Reading Time: 4 minutes 

This is part one of a four-part series. Read parts two, three and four.

Walking through the sprawling vegetable garden that is CommonWealth Urban Farms just a few miles away from downtown Oklahoma City, Elia Woods can’t help but bend a knee every now and then to sample the fruit of her labor. A small nibble of a pea shoot or a spinach leaf brings a smile to her sunkissed face.

“It’s a powerful thing,” she said of eating the food she grows herself. “There’s a deep disconnect that happens when you go to the grocery store and grab some food or pick up fast food and there’s a deep sense of connection and satisfaction that comes with being closer to your food source.”

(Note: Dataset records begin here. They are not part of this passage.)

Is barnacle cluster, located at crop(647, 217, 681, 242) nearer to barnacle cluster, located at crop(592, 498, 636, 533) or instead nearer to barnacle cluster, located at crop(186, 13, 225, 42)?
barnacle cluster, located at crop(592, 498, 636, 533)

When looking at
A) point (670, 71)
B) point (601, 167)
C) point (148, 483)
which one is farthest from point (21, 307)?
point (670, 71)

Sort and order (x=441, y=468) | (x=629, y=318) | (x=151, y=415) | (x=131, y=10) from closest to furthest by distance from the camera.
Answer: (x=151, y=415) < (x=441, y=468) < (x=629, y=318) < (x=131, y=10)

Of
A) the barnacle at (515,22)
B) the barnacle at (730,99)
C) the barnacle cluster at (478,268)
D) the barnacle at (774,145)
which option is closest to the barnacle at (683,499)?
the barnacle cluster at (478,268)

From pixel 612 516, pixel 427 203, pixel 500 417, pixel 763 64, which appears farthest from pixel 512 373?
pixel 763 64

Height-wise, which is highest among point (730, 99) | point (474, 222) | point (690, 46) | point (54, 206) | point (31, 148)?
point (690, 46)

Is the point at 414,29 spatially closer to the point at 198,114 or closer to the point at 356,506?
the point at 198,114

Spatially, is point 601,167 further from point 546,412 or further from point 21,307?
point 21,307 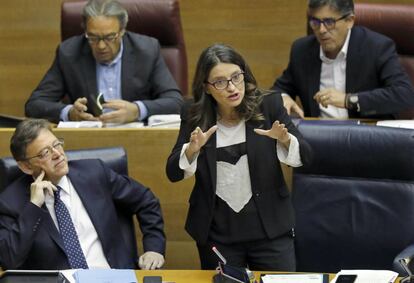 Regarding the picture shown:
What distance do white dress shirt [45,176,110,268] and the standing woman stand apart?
0.28 metres

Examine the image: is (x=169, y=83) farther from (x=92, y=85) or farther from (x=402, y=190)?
(x=402, y=190)

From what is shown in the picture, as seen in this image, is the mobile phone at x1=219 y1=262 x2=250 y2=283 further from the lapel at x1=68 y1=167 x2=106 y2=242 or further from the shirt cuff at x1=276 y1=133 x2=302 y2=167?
the lapel at x1=68 y1=167 x2=106 y2=242

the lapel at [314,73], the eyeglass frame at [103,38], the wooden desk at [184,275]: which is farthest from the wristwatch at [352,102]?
the wooden desk at [184,275]

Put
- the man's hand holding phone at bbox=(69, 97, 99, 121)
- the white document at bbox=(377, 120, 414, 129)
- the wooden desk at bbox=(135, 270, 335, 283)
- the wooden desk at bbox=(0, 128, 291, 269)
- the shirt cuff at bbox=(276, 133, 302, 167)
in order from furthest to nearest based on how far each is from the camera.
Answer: the man's hand holding phone at bbox=(69, 97, 99, 121), the wooden desk at bbox=(0, 128, 291, 269), the white document at bbox=(377, 120, 414, 129), the shirt cuff at bbox=(276, 133, 302, 167), the wooden desk at bbox=(135, 270, 335, 283)

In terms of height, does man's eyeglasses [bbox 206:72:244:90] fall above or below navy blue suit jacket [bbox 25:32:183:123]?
above

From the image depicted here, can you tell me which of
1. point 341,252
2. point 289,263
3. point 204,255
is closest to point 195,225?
point 204,255

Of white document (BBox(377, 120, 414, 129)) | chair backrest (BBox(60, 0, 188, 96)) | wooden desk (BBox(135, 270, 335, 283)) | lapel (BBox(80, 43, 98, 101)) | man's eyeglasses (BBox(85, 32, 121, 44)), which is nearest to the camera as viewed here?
wooden desk (BBox(135, 270, 335, 283))

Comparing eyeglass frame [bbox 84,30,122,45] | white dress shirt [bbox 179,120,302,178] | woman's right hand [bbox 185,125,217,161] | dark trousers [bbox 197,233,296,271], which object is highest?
eyeglass frame [bbox 84,30,122,45]

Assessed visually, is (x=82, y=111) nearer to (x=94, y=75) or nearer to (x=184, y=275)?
(x=94, y=75)

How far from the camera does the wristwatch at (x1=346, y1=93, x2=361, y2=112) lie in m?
3.21

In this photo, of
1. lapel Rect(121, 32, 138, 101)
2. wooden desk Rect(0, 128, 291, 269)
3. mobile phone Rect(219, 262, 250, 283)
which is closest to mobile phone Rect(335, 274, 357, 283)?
mobile phone Rect(219, 262, 250, 283)

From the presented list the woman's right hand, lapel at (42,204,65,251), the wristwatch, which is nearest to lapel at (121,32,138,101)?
the wristwatch

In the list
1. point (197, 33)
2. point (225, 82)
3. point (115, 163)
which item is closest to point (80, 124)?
point (115, 163)

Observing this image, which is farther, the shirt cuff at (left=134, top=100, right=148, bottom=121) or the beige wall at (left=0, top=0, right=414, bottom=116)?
the beige wall at (left=0, top=0, right=414, bottom=116) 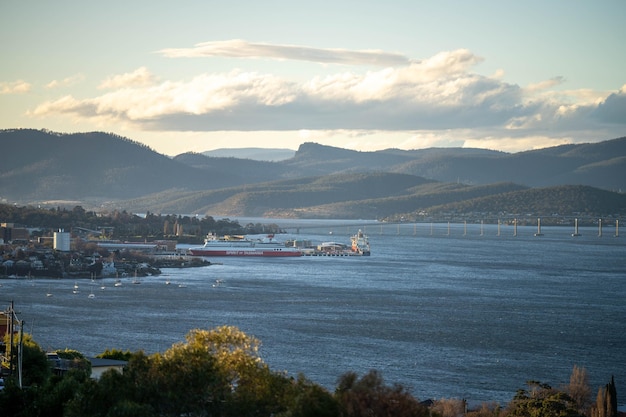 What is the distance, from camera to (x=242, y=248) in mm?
65312

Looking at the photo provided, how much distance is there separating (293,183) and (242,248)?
8951 cm

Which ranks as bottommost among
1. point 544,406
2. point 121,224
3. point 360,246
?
point 544,406

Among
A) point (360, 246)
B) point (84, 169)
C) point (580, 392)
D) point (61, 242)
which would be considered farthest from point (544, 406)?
point (84, 169)

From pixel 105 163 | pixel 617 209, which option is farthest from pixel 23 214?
pixel 105 163

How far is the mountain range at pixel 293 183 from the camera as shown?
128m

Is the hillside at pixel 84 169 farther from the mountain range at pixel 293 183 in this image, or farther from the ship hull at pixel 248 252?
the ship hull at pixel 248 252

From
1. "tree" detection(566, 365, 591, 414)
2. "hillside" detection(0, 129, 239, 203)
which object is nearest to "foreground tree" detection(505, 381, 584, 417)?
"tree" detection(566, 365, 591, 414)

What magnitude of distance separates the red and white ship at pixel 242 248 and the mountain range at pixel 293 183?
58.0 metres

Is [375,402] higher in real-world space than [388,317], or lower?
higher

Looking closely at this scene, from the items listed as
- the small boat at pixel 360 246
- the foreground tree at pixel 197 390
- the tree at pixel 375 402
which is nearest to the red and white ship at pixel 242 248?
the small boat at pixel 360 246

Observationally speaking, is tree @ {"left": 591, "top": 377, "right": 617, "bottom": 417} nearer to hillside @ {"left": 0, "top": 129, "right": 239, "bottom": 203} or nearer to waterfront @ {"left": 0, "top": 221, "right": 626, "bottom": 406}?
Result: waterfront @ {"left": 0, "top": 221, "right": 626, "bottom": 406}

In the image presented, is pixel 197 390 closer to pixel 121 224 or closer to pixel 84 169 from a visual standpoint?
pixel 121 224

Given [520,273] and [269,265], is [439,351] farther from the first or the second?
[269,265]

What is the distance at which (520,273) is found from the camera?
47375 millimetres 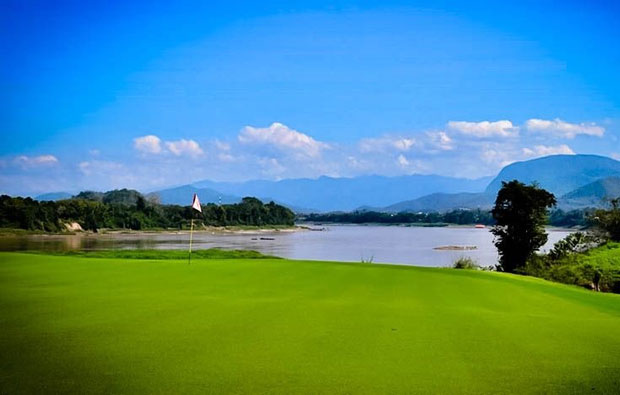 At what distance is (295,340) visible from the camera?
7.99m

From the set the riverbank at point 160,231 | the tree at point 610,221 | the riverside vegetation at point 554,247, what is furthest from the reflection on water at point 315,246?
the tree at point 610,221

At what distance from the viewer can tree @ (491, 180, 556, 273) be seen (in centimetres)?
3978

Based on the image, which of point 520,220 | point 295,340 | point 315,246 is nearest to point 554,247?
point 520,220

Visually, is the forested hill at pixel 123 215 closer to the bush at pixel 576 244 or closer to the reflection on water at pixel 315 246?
the reflection on water at pixel 315 246

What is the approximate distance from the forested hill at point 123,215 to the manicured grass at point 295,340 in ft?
247

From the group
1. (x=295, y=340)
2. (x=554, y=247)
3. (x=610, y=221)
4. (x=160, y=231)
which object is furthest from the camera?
(x=160, y=231)

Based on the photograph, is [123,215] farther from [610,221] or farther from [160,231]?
[610,221]

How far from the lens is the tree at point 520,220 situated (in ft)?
131

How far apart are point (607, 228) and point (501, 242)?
7.85 metres

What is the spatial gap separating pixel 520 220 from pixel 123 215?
11057 cm

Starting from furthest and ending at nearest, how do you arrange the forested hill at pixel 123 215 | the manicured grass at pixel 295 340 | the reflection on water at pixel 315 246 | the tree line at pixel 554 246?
the forested hill at pixel 123 215, the reflection on water at pixel 315 246, the tree line at pixel 554 246, the manicured grass at pixel 295 340

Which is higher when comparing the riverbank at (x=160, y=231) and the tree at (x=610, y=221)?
the tree at (x=610, y=221)

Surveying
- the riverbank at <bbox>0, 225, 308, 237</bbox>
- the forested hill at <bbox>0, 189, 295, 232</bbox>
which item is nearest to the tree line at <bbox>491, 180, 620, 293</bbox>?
the forested hill at <bbox>0, 189, 295, 232</bbox>

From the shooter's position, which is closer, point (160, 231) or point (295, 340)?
point (295, 340) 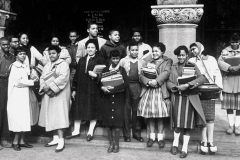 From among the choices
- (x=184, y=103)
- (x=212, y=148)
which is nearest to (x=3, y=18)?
(x=184, y=103)

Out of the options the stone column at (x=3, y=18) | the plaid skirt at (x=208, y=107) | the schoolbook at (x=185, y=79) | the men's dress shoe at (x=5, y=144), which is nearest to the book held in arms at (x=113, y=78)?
the schoolbook at (x=185, y=79)

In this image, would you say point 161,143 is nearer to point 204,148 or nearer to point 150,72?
point 204,148

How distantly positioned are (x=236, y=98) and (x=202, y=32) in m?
2.78

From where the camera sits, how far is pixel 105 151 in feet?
19.8

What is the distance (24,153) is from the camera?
599cm

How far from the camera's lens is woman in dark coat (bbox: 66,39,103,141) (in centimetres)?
641

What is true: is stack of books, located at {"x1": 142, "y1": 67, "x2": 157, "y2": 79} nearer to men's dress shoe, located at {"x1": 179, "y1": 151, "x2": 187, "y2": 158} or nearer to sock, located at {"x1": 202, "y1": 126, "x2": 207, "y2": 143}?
sock, located at {"x1": 202, "y1": 126, "x2": 207, "y2": 143}

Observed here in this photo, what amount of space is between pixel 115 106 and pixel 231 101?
7.41 ft

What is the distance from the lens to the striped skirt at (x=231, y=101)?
6.81 m

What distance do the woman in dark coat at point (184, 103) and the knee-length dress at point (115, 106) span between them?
0.76 metres

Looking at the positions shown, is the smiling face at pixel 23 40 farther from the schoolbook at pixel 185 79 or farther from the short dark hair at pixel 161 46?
the schoolbook at pixel 185 79

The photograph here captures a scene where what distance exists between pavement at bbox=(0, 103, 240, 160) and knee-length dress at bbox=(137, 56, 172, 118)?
57cm

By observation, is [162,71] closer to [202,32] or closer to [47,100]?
[47,100]

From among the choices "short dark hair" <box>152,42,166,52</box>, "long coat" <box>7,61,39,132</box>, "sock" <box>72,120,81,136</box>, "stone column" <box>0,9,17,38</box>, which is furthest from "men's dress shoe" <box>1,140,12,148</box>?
"short dark hair" <box>152,42,166,52</box> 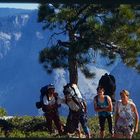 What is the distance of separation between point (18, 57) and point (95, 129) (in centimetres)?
15115

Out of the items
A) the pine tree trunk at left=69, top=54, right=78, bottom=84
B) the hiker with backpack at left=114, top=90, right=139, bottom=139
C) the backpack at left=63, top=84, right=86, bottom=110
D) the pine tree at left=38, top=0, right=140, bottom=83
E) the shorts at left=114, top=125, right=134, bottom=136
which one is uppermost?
the pine tree at left=38, top=0, right=140, bottom=83

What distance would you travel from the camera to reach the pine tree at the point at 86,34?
11.8 meters

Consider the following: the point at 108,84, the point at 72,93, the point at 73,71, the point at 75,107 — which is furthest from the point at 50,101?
the point at 73,71

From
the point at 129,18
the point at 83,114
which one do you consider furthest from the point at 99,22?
the point at 83,114

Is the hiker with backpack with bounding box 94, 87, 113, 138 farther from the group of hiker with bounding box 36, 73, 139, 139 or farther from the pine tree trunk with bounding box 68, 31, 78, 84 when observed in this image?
the pine tree trunk with bounding box 68, 31, 78, 84

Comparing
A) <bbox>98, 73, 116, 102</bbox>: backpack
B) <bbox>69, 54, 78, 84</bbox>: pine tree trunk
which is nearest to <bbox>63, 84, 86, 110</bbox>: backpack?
<bbox>98, 73, 116, 102</bbox>: backpack

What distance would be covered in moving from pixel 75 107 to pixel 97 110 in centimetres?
68

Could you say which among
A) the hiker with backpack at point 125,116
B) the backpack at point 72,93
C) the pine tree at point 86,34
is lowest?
the hiker with backpack at point 125,116

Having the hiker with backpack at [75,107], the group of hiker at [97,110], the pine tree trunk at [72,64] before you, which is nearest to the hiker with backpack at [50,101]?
the group of hiker at [97,110]

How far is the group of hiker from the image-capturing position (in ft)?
23.0

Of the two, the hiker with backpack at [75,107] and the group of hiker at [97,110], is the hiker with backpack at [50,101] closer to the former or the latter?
the group of hiker at [97,110]

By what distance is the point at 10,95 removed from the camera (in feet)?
506

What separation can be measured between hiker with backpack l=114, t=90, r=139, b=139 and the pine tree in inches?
170

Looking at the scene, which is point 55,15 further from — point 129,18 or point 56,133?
point 56,133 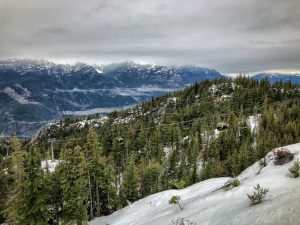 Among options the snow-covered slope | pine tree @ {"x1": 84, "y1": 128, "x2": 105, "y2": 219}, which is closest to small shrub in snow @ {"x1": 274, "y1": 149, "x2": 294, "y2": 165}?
the snow-covered slope

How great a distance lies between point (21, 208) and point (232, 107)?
544 ft

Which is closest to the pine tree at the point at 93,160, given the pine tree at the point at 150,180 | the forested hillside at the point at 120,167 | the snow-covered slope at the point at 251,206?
the forested hillside at the point at 120,167

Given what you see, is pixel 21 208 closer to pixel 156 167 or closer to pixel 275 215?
pixel 275 215

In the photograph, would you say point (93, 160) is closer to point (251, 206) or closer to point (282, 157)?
point (282, 157)

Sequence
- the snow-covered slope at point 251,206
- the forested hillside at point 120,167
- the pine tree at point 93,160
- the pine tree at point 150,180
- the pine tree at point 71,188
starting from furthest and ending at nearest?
the pine tree at point 150,180 → the pine tree at point 93,160 → the pine tree at point 71,188 → the forested hillside at point 120,167 → the snow-covered slope at point 251,206

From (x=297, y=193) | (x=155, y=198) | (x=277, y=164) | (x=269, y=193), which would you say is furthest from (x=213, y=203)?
(x=155, y=198)

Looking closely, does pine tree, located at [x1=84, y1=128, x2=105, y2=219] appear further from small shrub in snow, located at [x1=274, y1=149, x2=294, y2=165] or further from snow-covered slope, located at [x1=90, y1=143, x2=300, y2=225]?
small shrub in snow, located at [x1=274, y1=149, x2=294, y2=165]

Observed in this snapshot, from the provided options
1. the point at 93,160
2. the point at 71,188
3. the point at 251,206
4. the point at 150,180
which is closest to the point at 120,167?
the point at 150,180

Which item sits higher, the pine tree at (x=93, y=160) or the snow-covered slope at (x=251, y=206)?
the snow-covered slope at (x=251, y=206)

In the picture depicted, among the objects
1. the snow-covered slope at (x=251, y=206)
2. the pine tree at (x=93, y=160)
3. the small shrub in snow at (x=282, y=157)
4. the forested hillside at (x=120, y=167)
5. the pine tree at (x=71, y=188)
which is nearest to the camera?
the snow-covered slope at (x=251, y=206)

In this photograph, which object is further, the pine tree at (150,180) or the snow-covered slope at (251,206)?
the pine tree at (150,180)

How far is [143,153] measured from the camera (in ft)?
486

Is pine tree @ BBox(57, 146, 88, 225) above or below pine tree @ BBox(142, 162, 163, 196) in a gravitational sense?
above

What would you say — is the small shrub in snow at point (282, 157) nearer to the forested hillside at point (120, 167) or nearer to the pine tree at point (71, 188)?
the forested hillside at point (120, 167) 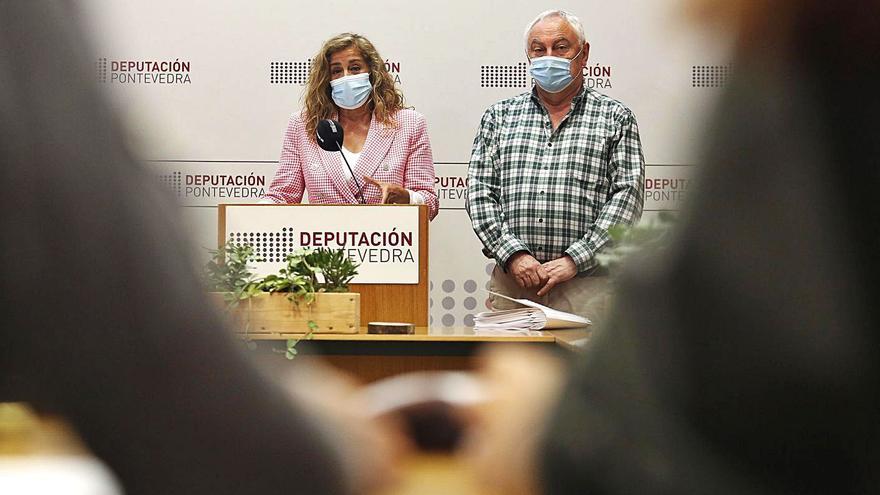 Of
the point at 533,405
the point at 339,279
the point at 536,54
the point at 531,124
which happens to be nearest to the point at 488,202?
the point at 531,124

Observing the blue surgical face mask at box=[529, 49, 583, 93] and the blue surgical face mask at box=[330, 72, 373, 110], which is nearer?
the blue surgical face mask at box=[529, 49, 583, 93]

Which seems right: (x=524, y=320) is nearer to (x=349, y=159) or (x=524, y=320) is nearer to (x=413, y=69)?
(x=349, y=159)

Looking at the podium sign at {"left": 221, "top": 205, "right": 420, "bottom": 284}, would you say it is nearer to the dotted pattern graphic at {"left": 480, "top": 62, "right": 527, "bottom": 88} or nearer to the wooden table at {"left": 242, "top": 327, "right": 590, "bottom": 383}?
the wooden table at {"left": 242, "top": 327, "right": 590, "bottom": 383}

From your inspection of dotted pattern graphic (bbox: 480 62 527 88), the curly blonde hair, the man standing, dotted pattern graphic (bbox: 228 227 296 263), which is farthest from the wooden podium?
dotted pattern graphic (bbox: 480 62 527 88)

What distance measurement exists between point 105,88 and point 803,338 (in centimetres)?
24

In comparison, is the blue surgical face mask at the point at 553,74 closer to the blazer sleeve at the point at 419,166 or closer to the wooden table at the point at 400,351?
the blazer sleeve at the point at 419,166

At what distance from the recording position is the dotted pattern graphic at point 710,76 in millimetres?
311

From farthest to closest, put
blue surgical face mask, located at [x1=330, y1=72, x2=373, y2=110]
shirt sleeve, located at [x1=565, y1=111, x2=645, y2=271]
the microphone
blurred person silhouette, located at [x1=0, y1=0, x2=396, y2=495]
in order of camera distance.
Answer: blue surgical face mask, located at [x1=330, y1=72, x2=373, y2=110], the microphone, shirt sleeve, located at [x1=565, y1=111, x2=645, y2=271], blurred person silhouette, located at [x1=0, y1=0, x2=396, y2=495]

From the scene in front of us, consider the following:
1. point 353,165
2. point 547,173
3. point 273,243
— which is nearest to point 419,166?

The garden is a combination of a backyard and an empty lot that takes up about one-seventh of an acre near the corner of Olie St. and N.W. 32nd St. It doesn’t look like much from the street, but walk past the small storage shed at the edge of the property and you see row after row of cultivated soil in different stages of use. Some rows look ready to be harvested while others are just barely sprouting produce that will be ready in early spring and others are being fed by winter cover crop.

Woods started the idea of CommonWealth Urban Farms in December 2010 and began planting the following fall. By April 2012, she had successfully started a program of community supported agriculture, or CSA. She planted and tended to vegetables in the urban garden and grew a membership base of 25 to 30 families paying about $10 per week to pick up a weekly bag of the fresh produce. 

This spring, she’s preparing to take a year off from the traditional CSA model for some research and development of the business and to educate the public more about the benefits of home gardening. There are many ways to get involved with CommonWealth that range from attending a garden school on Saturday mornings to purchasing produce and flowers grown at the garden. 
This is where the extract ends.